On the eve of the Nats’ first 2017 series vs. the Dodgers, it’s worth revisiting what happened, what didn’t happen, and what could have been.

Going into his first experience as a free agent, Jansen had averaged 42 saves and a 2.32 ERA. The Nationals reportedly offered him five years, $85 million, or $23 million more than the San Francisco Giants gave Melancon in a record deal for a closer, in early December.

The deal would have broken the Melancon record deal and moved him geographically closer to his native Curaçao, a Dutch Caribbean island off the East Coast. But it wasn’t enough for Jansen, who took $5 million less to stay in L.A.

“That was really serious. They were absolutely aggressive,’’ said Jansen told the media of the Nationals’ offer. “It was just a family decision. We wanted to stay here. I wanted to stay here. They gave me a second chance in baseball (converting him from catcher).

“I feel at home, and I just didn’t want to leave home.”

With Melancon, Jansen and Alrodis Chapman all off the board, the Nats turned their eyes to the trade market, entertaining offers with the White Sox, among others. But when nothing materialized, they went into Spring Training without a clear pecking order in the ‘pen.

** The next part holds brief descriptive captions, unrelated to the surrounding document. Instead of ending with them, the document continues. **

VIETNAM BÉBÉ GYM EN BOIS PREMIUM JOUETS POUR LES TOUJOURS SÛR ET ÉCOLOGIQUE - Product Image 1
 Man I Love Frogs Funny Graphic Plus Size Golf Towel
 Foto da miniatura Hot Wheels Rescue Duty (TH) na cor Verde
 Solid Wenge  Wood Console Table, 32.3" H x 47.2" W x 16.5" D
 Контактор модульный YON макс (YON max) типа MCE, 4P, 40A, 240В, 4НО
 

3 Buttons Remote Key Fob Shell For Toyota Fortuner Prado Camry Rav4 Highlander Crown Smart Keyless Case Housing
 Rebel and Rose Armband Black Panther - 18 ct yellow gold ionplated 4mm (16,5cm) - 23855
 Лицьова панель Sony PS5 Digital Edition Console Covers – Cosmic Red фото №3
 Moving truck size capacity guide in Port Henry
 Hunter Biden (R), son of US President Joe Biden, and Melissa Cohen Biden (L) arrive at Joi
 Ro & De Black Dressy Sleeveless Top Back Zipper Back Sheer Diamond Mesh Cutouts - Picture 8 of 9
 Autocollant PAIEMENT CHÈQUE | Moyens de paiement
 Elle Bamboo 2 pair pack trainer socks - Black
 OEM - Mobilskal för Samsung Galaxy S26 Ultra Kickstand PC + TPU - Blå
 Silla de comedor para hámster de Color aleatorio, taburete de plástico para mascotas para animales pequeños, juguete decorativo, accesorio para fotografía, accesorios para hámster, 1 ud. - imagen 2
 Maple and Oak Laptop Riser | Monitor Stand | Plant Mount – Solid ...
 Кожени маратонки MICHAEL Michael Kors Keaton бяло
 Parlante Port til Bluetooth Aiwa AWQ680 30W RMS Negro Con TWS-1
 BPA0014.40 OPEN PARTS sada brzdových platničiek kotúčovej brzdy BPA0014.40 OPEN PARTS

It’s arguable that the strategy has worked, as the Nats lead the National League East by 10.5 games, the second most of any division in baseball (Astros, 13.5)). But they also have nine blown saves as a team, tied for third-most in the National League, and have shuffled through a host of hurlers in the closer role.

Meanwhile, Jansen is enjoying the best start of any closer in baseball, and indeed the most accurate start to a season of any pitcher, perhaps ever.

On Friday night, he recorded four strikeouts in a 12-inning classic vs. the Milwaukee Brewers. This gave him 40 strikeouts for the season, breaking the record for most strikeouts to begin a season without recording a walk.

Forty strikeouts and no walks in 23 innings across 22 appearances this season. He also given up only 15 hits and four runs, giving him a meager 1.17 ERA. In addition, Jansen has struck out nearly half of his batters faced (47.1 percent).

The Nats are scheduled to face Dodgers starting pitchers Hyun-Jin Ryu, Brandon McCarthy and Clayton Kershaw in this series. They better hope they can score runs early because breaking through against Jansen is unlikely.